目明し源治(田口の銭形平次)
 塩原成一郎家に伝わる文書総数110点の中に、目明し源治(文書の中では源治郎、源治、塩原源治良などと表現されている)に関する文書がある。時代は寛政11年(1799)から文政2年(1819)までの21年間である。次に、文書に出てくる旧村は田口村のほか前橋本町、不動堂村、上八ア村、横室村、山口村、荒牧村、関根村、総社町など広い地域にわたっている。文書の内容は、(1)犯罪等の容疑者当人と村役人(または親類、証人、立会人等)連名による内済(表ざたにしないで処理すること)請合証文、(2)郡代役所への取扱いについての上申、(3)当人等が目明し源治に罪状を申し述べたものなどである。
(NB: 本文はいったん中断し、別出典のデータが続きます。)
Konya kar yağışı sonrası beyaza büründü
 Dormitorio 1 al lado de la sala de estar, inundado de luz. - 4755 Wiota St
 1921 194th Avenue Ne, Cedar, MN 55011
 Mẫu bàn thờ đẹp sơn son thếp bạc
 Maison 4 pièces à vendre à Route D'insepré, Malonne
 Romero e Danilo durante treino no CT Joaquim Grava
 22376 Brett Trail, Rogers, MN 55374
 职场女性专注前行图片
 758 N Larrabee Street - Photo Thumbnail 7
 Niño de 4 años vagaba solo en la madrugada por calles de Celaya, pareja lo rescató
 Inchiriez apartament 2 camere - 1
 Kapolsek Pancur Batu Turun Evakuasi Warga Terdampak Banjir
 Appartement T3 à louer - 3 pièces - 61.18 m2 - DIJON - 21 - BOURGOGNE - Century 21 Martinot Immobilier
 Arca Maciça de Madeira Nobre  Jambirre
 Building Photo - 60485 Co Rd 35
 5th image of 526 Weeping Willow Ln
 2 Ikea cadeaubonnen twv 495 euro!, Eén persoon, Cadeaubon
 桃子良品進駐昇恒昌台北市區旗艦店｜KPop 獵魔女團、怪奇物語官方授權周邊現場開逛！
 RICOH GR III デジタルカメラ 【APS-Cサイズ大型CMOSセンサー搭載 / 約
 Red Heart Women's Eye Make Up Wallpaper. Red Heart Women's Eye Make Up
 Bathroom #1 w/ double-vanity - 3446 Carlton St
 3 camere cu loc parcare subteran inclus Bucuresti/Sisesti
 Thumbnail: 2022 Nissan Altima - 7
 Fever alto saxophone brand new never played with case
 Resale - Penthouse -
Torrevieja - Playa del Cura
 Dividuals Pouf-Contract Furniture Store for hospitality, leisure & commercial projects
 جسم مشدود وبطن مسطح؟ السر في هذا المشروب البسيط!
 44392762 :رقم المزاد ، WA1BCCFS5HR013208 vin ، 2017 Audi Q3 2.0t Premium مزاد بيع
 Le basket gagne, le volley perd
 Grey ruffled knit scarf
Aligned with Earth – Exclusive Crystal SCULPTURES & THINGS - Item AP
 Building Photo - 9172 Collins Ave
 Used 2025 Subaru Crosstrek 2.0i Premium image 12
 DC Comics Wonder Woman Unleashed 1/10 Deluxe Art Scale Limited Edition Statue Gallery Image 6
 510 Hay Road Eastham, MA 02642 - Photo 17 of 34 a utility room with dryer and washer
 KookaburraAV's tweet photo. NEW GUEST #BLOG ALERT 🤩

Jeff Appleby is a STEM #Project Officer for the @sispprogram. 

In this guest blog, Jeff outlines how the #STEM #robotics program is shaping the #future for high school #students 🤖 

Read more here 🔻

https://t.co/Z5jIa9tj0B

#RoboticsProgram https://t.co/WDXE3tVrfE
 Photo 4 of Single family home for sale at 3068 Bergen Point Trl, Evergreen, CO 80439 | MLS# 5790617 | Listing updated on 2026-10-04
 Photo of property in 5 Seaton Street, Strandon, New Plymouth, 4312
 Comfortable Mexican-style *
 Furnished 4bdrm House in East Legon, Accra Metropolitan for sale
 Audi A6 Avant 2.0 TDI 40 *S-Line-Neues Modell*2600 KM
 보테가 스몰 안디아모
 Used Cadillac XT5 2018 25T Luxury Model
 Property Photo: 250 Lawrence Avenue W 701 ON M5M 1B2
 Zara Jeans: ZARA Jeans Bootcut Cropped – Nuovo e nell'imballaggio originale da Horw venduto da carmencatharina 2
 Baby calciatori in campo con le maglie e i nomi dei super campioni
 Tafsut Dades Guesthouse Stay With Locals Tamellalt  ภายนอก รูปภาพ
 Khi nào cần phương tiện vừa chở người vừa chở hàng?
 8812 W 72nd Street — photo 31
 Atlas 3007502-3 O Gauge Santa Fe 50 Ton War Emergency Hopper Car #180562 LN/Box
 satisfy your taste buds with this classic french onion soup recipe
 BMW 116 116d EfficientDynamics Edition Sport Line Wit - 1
どの様な事件内容かというと、盗み、不斗出(ふとで:正式な手続きをせず村から行方不明になること)、酒酔いの不埒、馴合い欠落、出入り、手疵、娘の不義、無断持出しなど様々な案件が出てくる。
 差上申口書之事
 文化9年(1812)3月5日、沼上無宿源蔵が仲間4人と土蔵から蛹壱本夜着壱つ盗み取りそれを仲間のひとり倉賀野無宿安五郎に預け置いたという一件を、源蔵自身が目明し十平次と源治にありのままに申し上げたというもので、田口村酒屋へ立ち寄るとあるが、ここは田口の信号コインランドリー辺りと思われる。
 目明しとは、奉行所の役人(与力、同心)などが、個人的に雇った非公認の協力者、岡っ引き、ご存じ銭形平次は目明しの親分である。